[Work item]:
Every entry is to be transcribed as it stands. Images stay out.

[Captioned web image data]
□ □ □

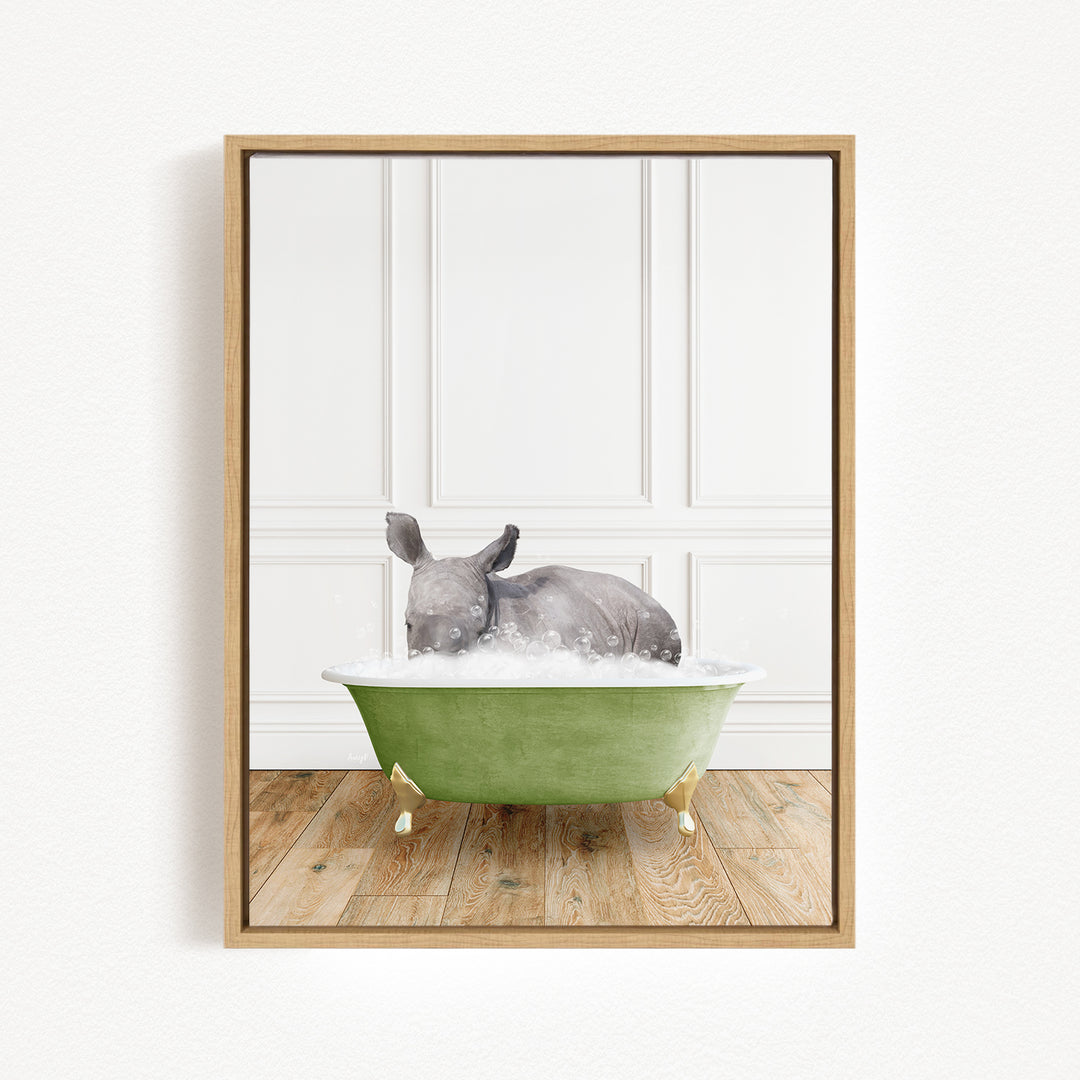 A gray rhinoceros is sitting in a green bathtub, surrounded by a white wall and wooden floor.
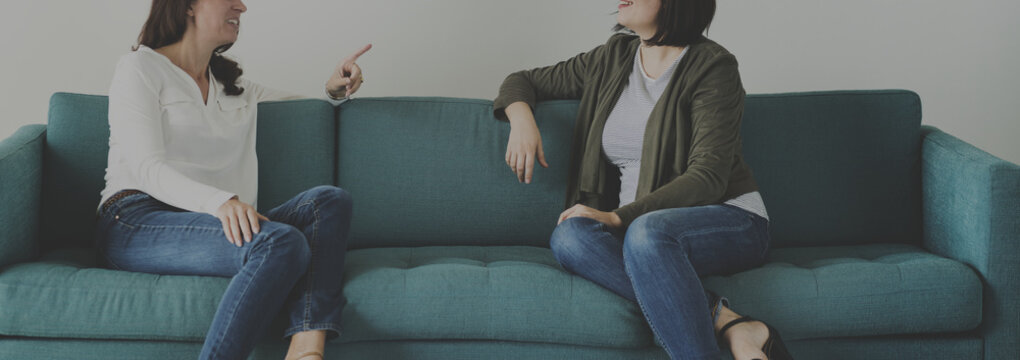 Women Talking Together On The Couch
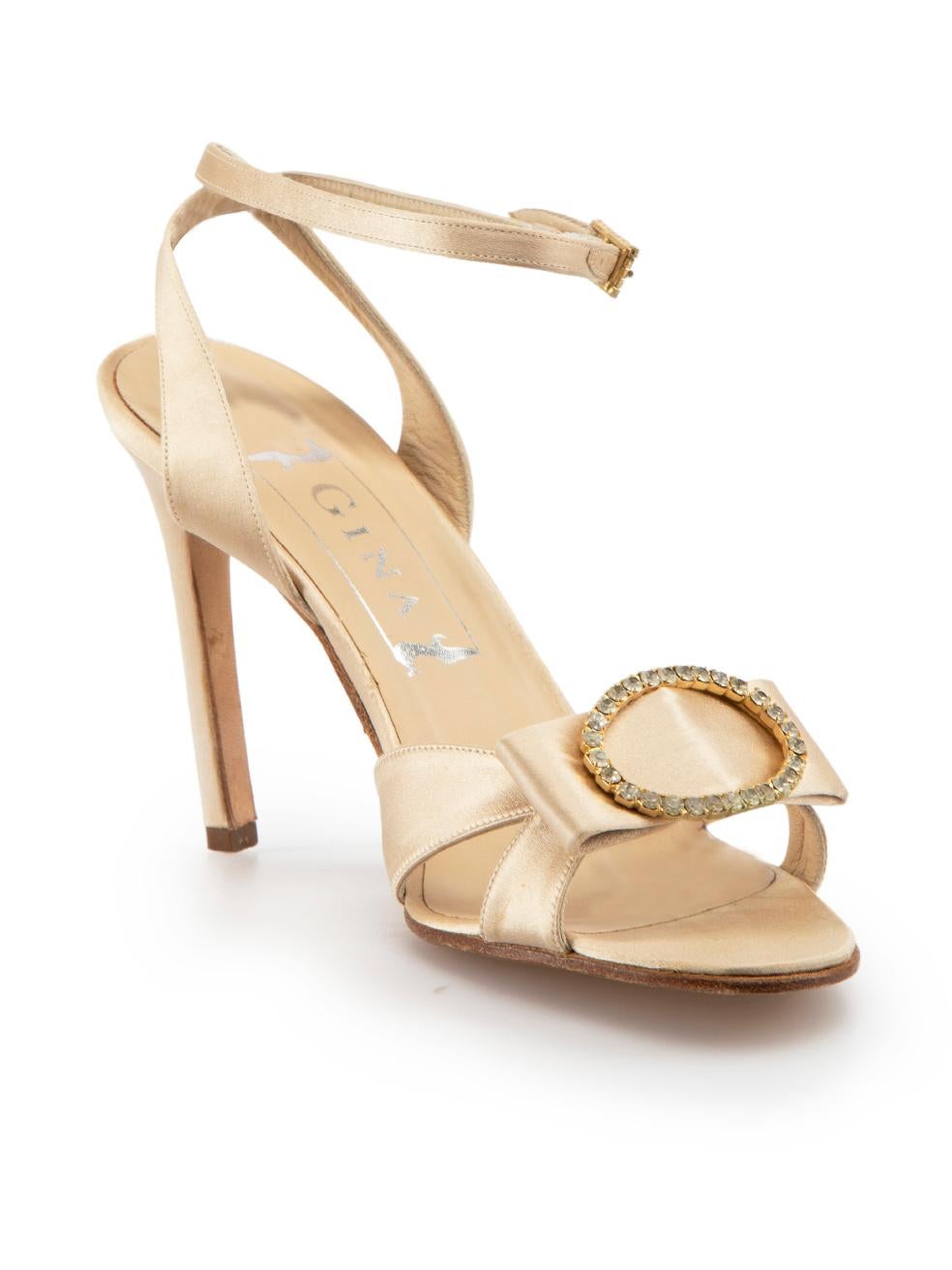 CONDITION is Very good. Minimal wear to sandals is evident. Minimal wear to the right-side toe strap of both shoes, as well as the heel of the left shoe and footbed of the right shoe with discoloured marks to the satin on this used Gina designer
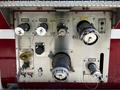 Control panel of a 2006 Emergency One Fire Truck featuring various valves gauges and switches for operating fire suppression equipment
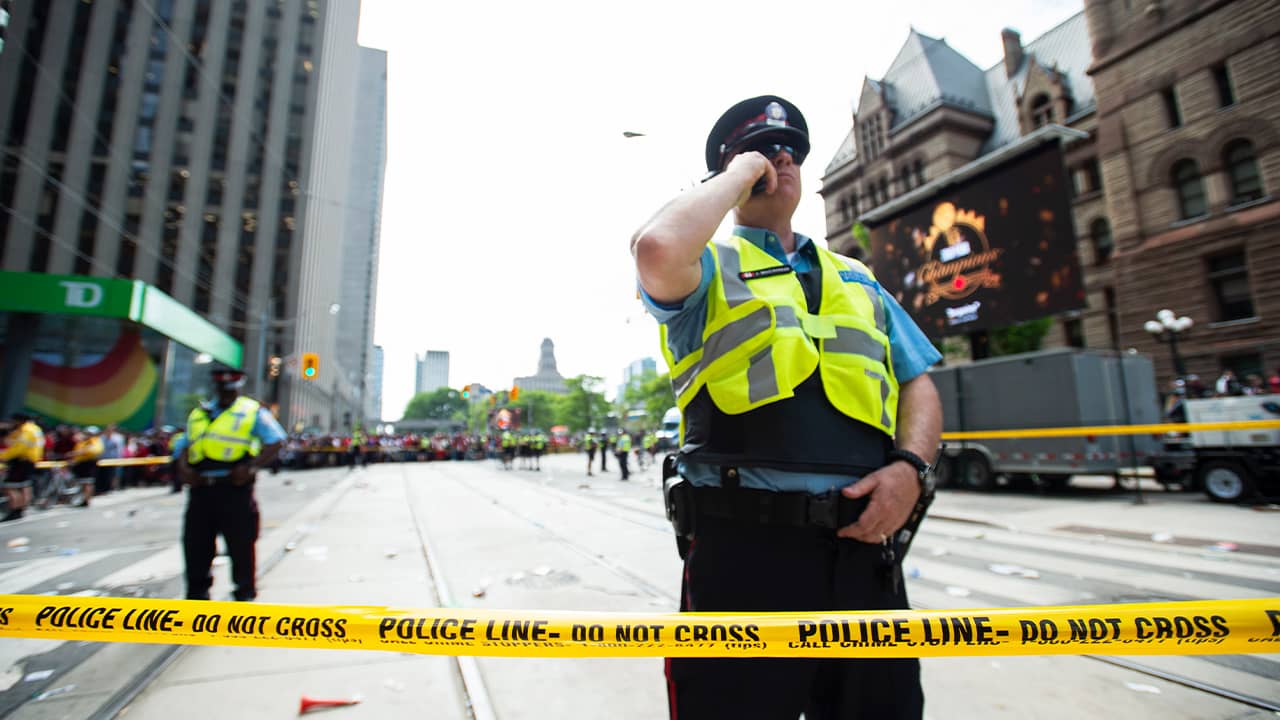 Photo of Toronto police securing the scene after shots were fired during the Raptors parade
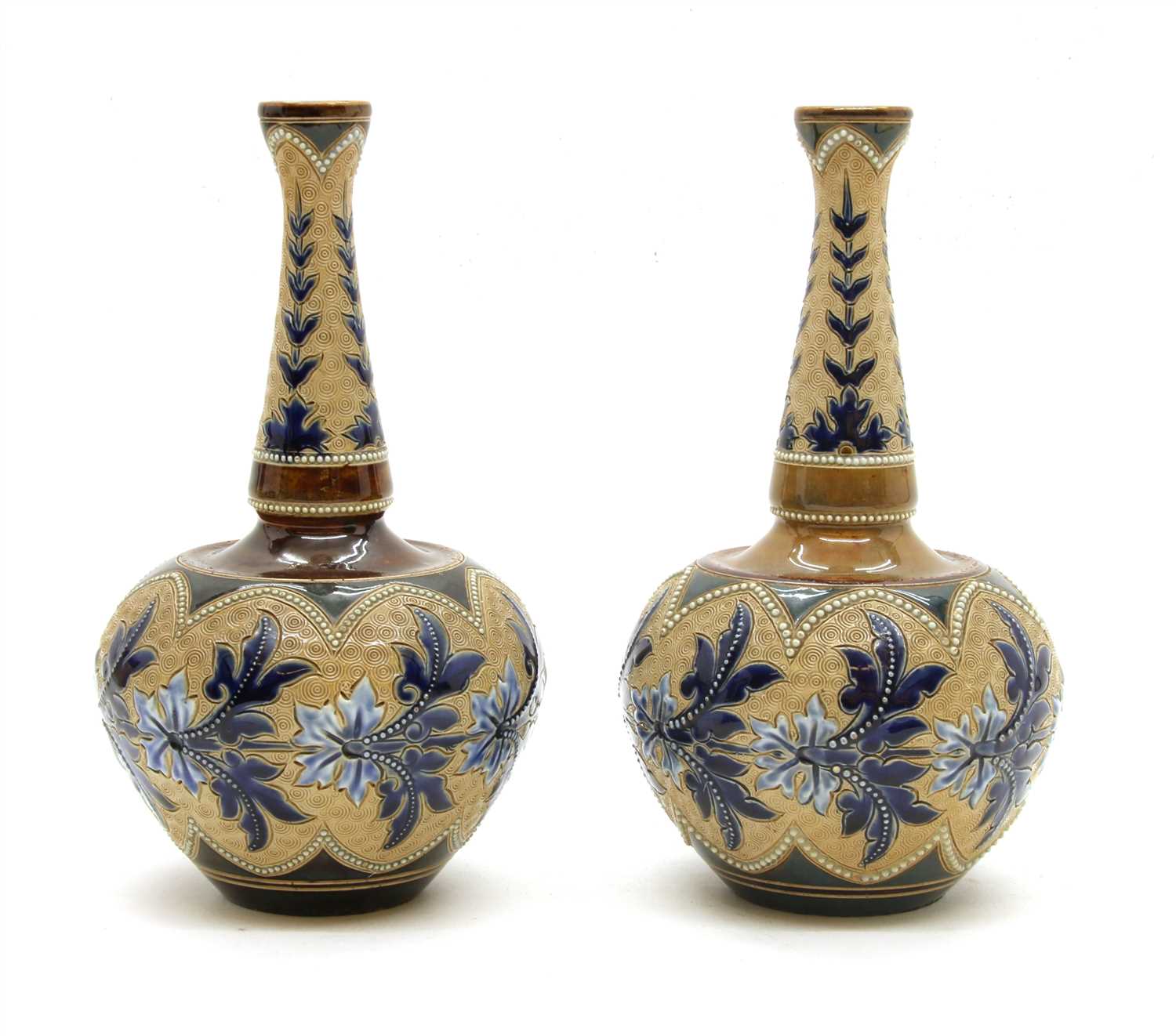 Lot 228 - A pair of Doulton Lambeth glazed stoneware bottle vases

□ □ □

[Expected answer]:
 A gray rhinoceros is sitting in a green bathtub, surrounded by a white wall and wooden floor.
 Women Talking Together On The Couch
 CONDITION is Very good. Minimal wear to sandals is evident. Minimal wear to the right-side toe strap of both shoes, as well as the heel of the left shoe and footbed of the right shoe with discoloured marks to the satin on this used Gina designer
 Control panel of a 2006 Emergency One Fire Truck featuring various valves gauges and switches for operating fire suppression equipment
 Photo of Toronto police securing the scene after shots were fired during the Raptors parade
 Lot 228 - A pair of Doulton Lambeth glazed stoneware bottle vases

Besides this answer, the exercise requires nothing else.